Jeff Nagel/Black Press
The B.C. Human Rights Tribunal is hearing allegations that a Surrey silviculture company ran a racially divided camp in the B.C. Interior and subjected its tree planters to slave-like conditions.
The 50 workers – refugees from Congo – want unpaid wages and damages from Khaira Enterprises for being forced to live in what are described as cramped, subhuman conditions near the Golden-Revelstoke area in the summer of 2010.
On the first day of the hearing the lawyer representing the planters told the tribunal the workplace was split on racial lines, with blacks treated differently and forced to work on harder terrain than non-blacks.
B.C. Federation of Labour president Jim Sinclair gave evidence Wednesday on how the labour organization aided the workers after learning they were underfed, unpaid and subjected to racial slurs.
“This camp was a complete disgrace – the conditions were from another age,” Sinclair said in an interview.
He said other companies that run bush camps continue to treat workers poorly and he blames the provincial government for failing to do more to prevent abuse.
B.C.’s system of awarding silviculture work encourages low-ball bidding and corner cutting on camp conditions without adequate safeguards, Sinclair said.
“The conditions that led to the racism, the extreme conditions, still exists today.
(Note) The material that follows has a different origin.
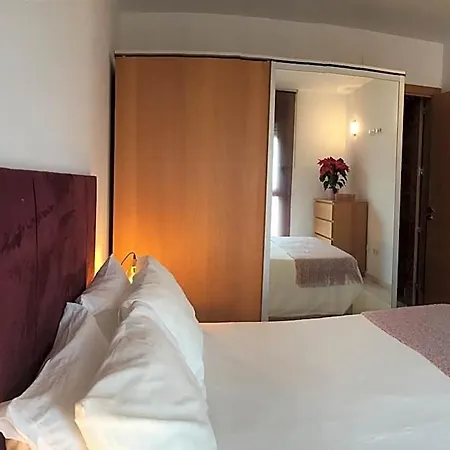 Hotel Vvases Telde
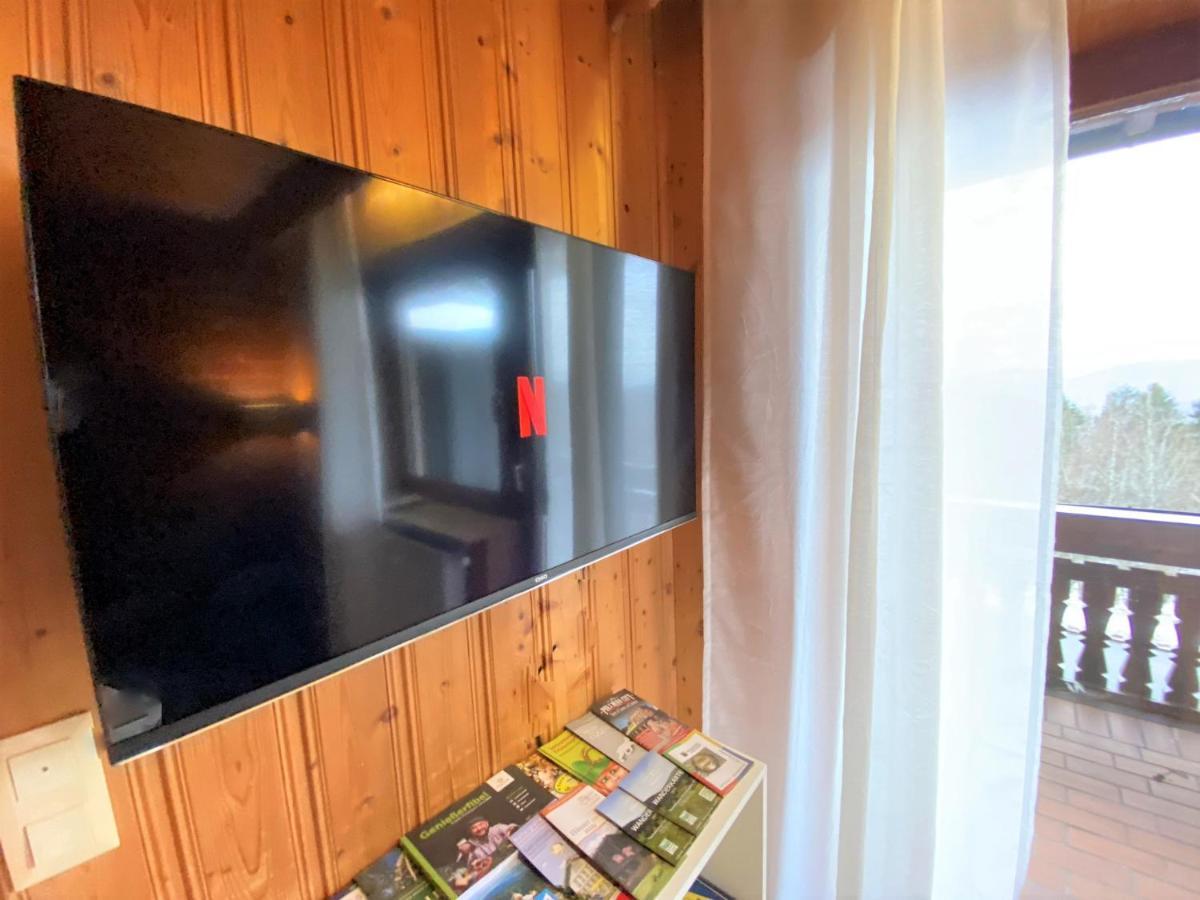 Uriges Top-Apartment Im Bayerischen Wald 3Br! +Netflix Schofweg Екстер'єр фото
The steps necessary to stop this haven’t been taken by the government.”
The province terminated its contract with Khaira after its workers were discovered in squalor, some of them saying they hadn’t eaten in two days, and a series of investigations ensued.
Sinclair noted B.C.’s forest safety ombudsman probed the Khaira case, declared it intolerable and issued a dozen recommendations in 2011 that have largely been ignored, including a call for a more workable system of inspecting camps led by a single agency.
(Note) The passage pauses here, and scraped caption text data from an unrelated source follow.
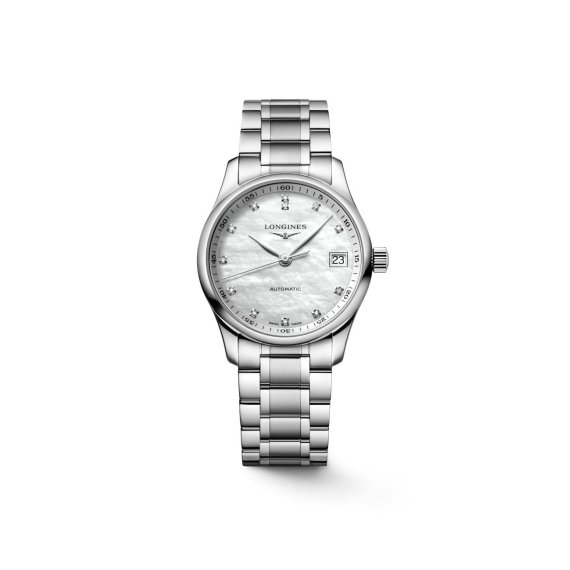 Longines Master Collection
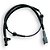 Sensor ABS Gauss Citroen C8 02-14 Traseiro Ambos Os Lados - Imagem 1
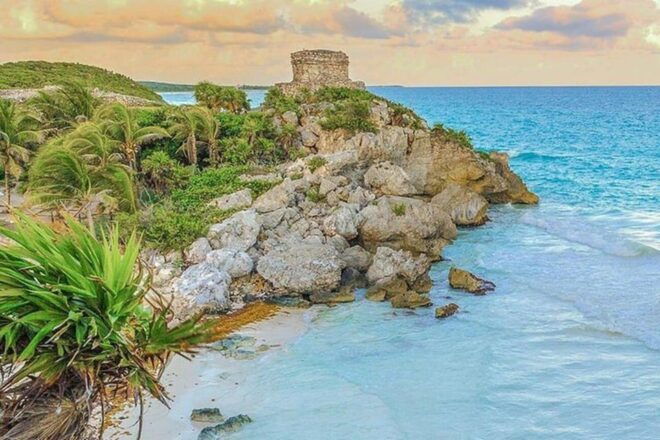 From Cancún/Playa Del Carmen: Tulum Ruins Guided Tour - Physical Requirements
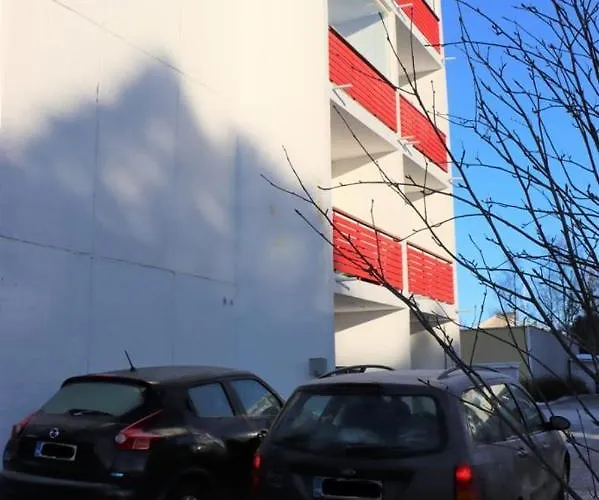 Middle Of Town Centre. Tornio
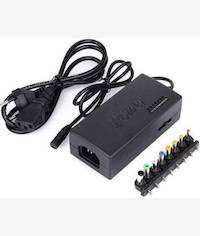 UniQue Universal 96W Laptop Charger 10 Pin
Khaira was ordered to repay more than $236,800 in unpaid wages but Sinclair said workers only got about half of that amount and only because the province withheld the money and redirected it to them.
The co-owners of the Surrey company, Khalid Bashwa and Hardilpreet Sidhu, have denied mistreating workers and questioned why they kept coming back for contract work if they were unhappy.
Sinclair dismissed that argument, adding what’s remarkable is that the workers essentially went on strike and refused to work even though they were denied food until they were discovered and rescued.
“These are refugees trying to make a buck to survive in Canada, their new country. They don’t speak the language that well. They don’t know their rights and they’re really vulnerable to being exploited. We have to be on guard, we owe it to these people to make sure it doesn’t happen.”
The tribunal is expected to continue for several weeks.